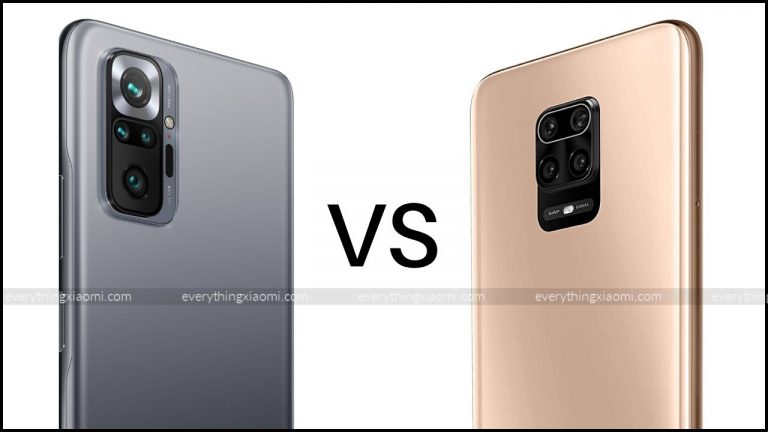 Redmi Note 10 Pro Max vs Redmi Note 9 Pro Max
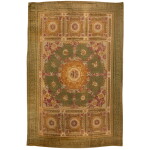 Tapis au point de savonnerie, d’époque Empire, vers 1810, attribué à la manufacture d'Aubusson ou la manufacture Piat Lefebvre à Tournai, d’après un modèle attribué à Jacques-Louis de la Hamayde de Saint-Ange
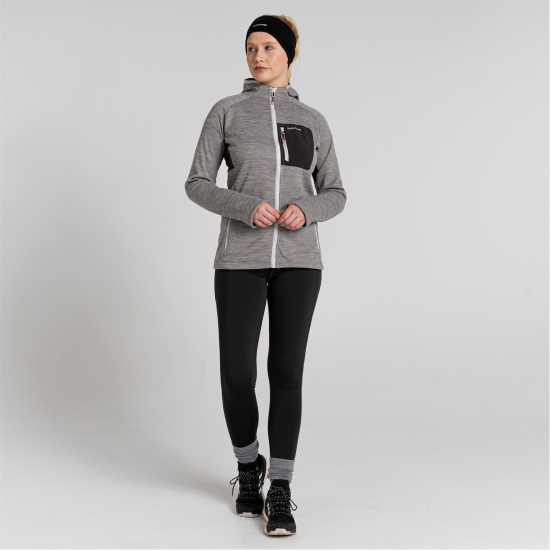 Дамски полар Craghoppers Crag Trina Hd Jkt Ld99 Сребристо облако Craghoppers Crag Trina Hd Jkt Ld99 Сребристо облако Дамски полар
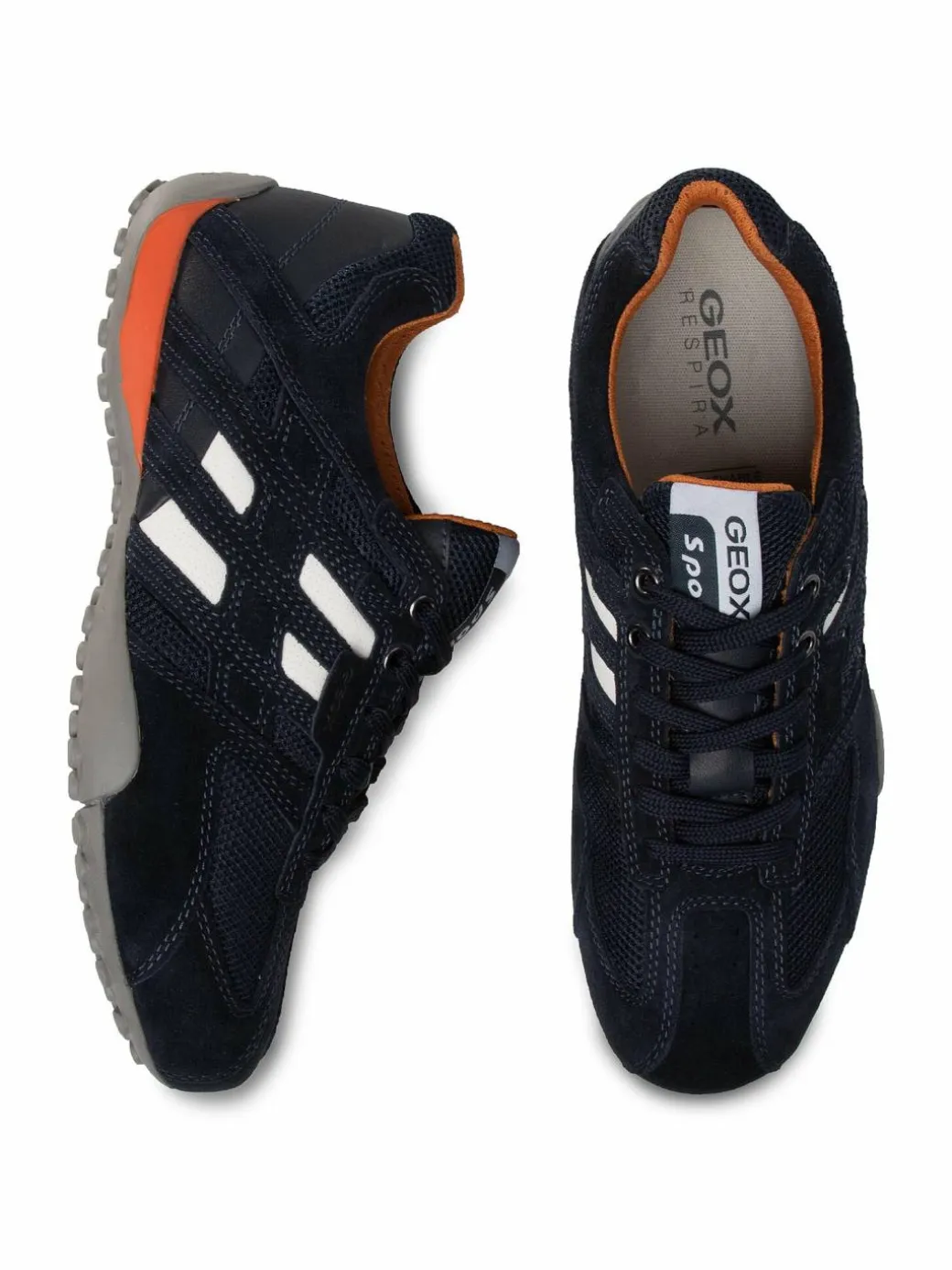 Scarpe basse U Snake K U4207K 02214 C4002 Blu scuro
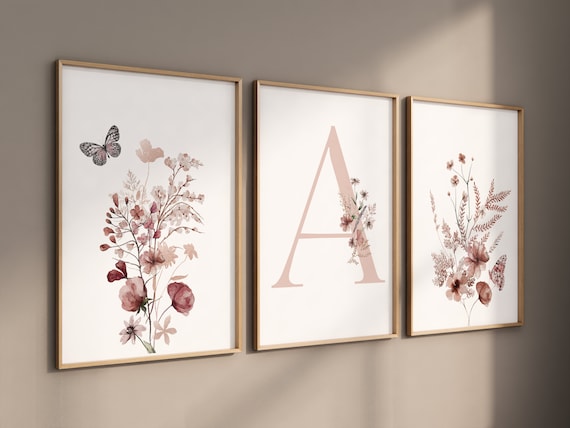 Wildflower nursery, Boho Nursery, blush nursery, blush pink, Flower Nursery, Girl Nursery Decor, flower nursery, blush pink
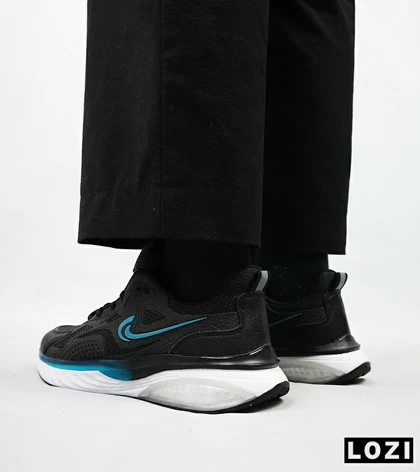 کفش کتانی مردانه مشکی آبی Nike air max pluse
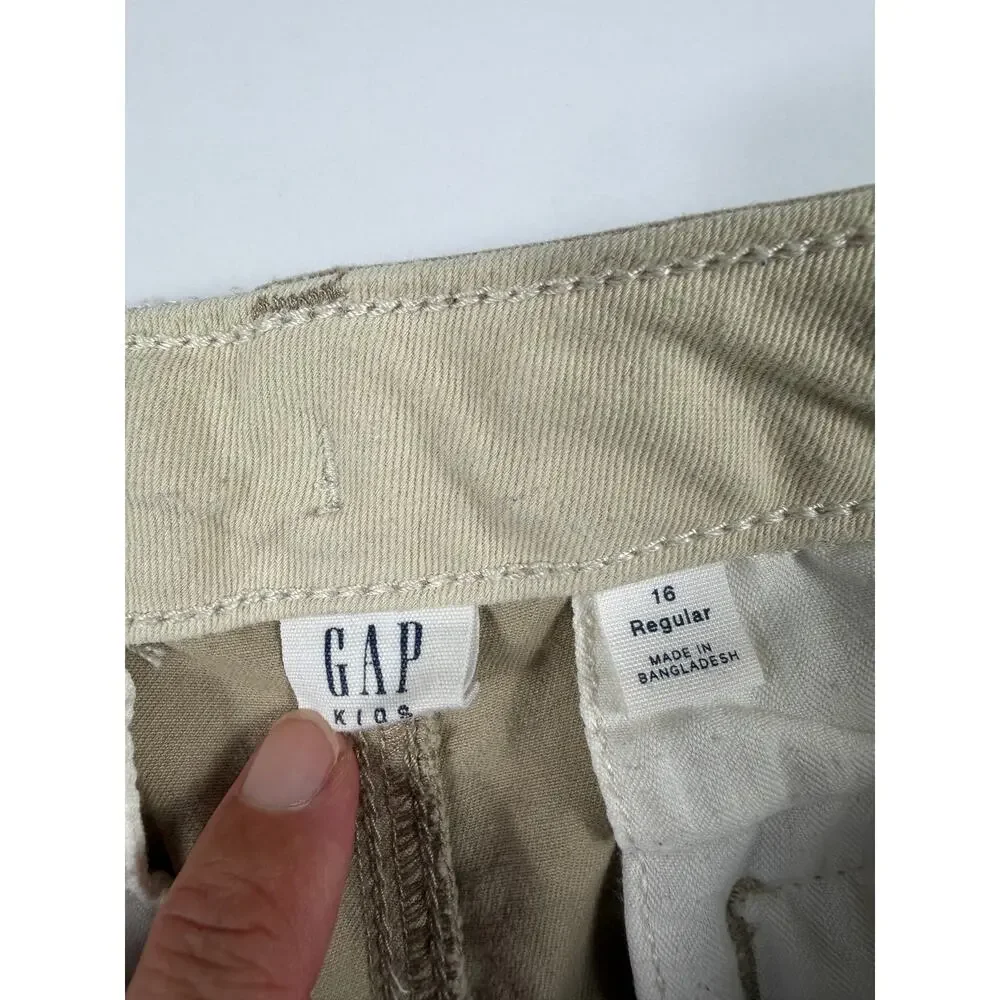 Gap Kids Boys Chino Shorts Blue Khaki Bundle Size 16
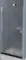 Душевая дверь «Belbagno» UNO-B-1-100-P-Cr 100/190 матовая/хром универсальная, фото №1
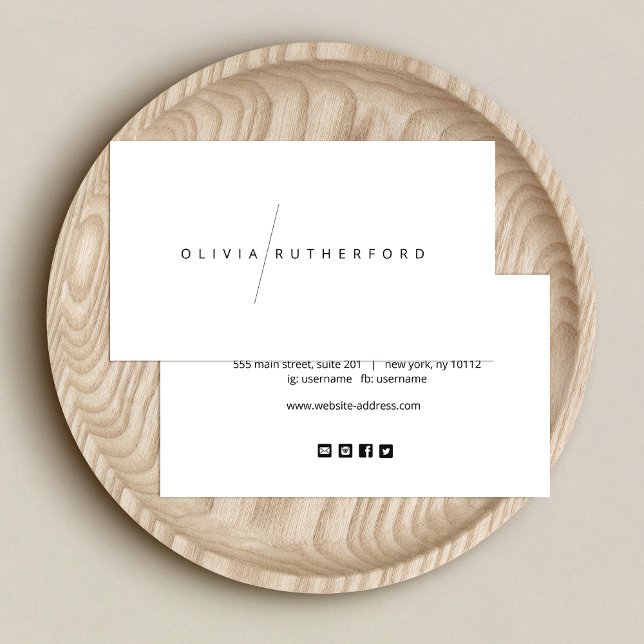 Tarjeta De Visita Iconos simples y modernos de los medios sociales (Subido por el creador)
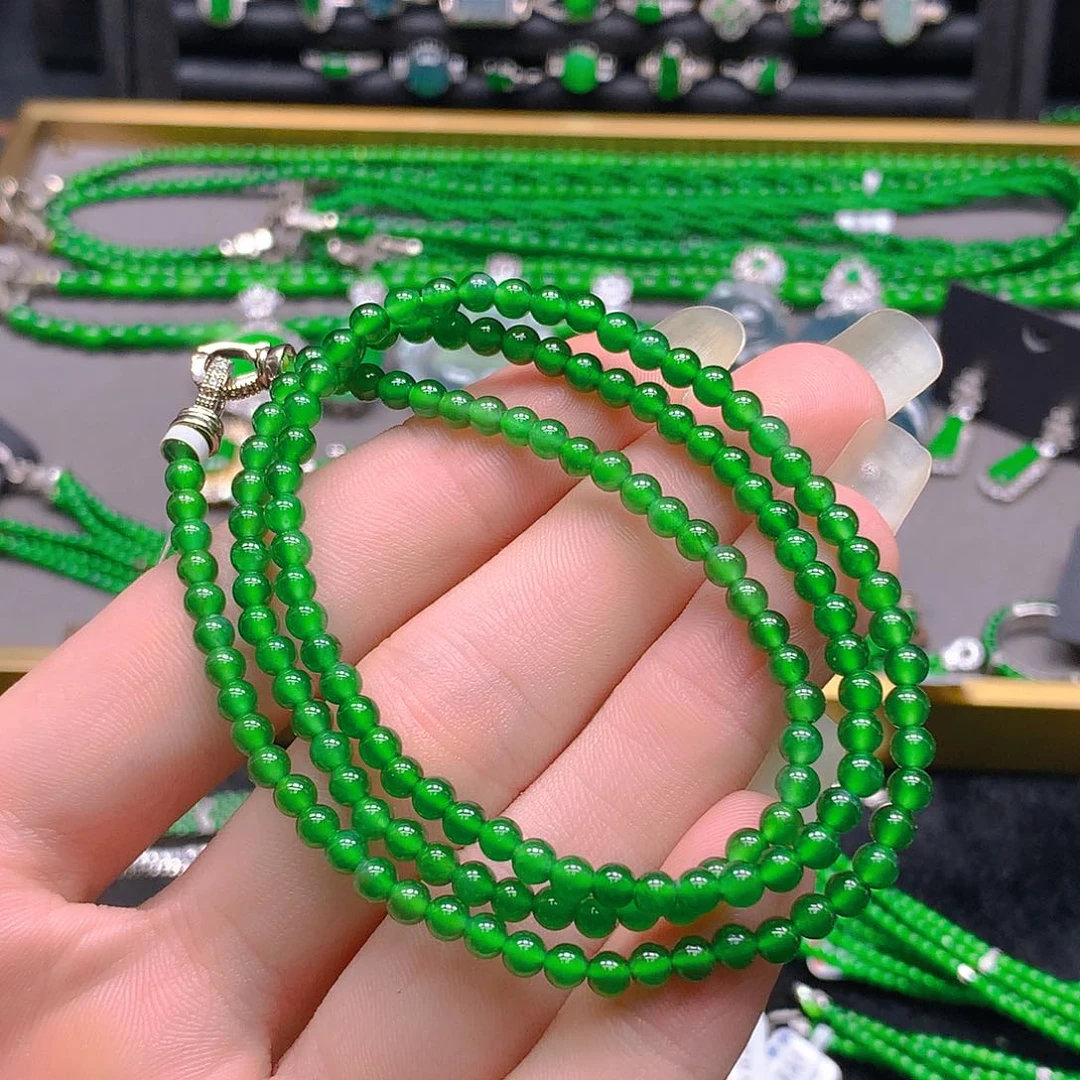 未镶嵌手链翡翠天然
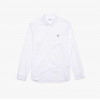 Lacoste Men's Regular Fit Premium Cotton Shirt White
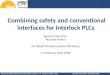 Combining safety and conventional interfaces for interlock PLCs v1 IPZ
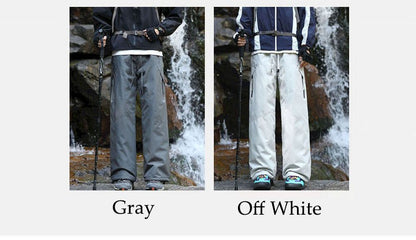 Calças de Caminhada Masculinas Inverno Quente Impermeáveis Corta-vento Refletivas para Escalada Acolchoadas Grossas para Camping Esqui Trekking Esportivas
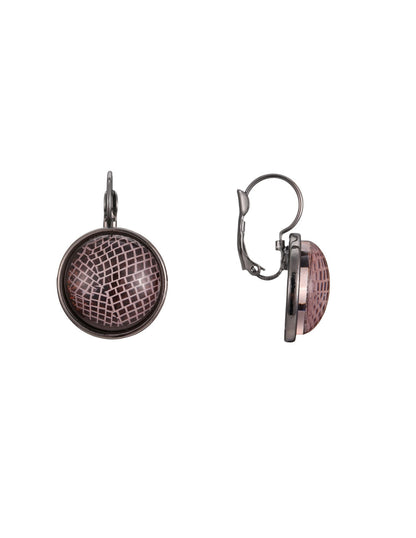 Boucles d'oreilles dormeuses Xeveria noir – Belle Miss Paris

Prompt ->
Starting with the line that has "Tapis au point" and ending with the last line of the records, retype every line exactly and only those lines. Do not include the pictures.

Output for this task ->
 Tapis au point de savonnerie, d’époque Empire, vers 1810, attribué à la manufacture d'Aubusson ou la manufacture Piat Lefebvre à Tournai, d’après un modèle attribué à Jacques-Louis de la Hamayde de Saint-Ange
 Дамски полар Craghoppers Crag Trina Hd Jkt Ld99 Сребристо облако Craghoppers Crag Trina Hd Jkt Ld99 Сребристо облако Дамски полар
 Scarpe basse U Snake K U4207K 02214 C4002 Blu scuro
 Wildflower nursery, Boho Nursery, blush nursery, blush pink, Flower Nursery, Girl Nursery Decor, flower nursery, blush pink
 کفش کتانی مردانه مشکی آبی Nike air max pluse
 Gap Kids Boys Chino Shorts Blue Khaki Bundle Size 16
 Душевая дверь «Belbagno» UNO-B-1-100-P-Cr 100/190 матовая/хром универсальная, фото №1
 Tarjeta De Visita Iconos simples y modernos de los medios sociales (Subido por el creador)
 未镶嵌手链翡翠天然
 Lacoste Men's Regular Fit Premium Cotton Shirt White
 Combining safety and conventional interfaces for interlock PLCs v1 IPZ
 Calças de Caminhada Masculinas Inverno Quente Impermeáveis Corta-vento Refletivas para Escalada Acolchoadas Grossas para Camping Esqui Trekking Esportivas
 Boucles d'oreilles dormeuses Xeveria noir – Belle Miss Paris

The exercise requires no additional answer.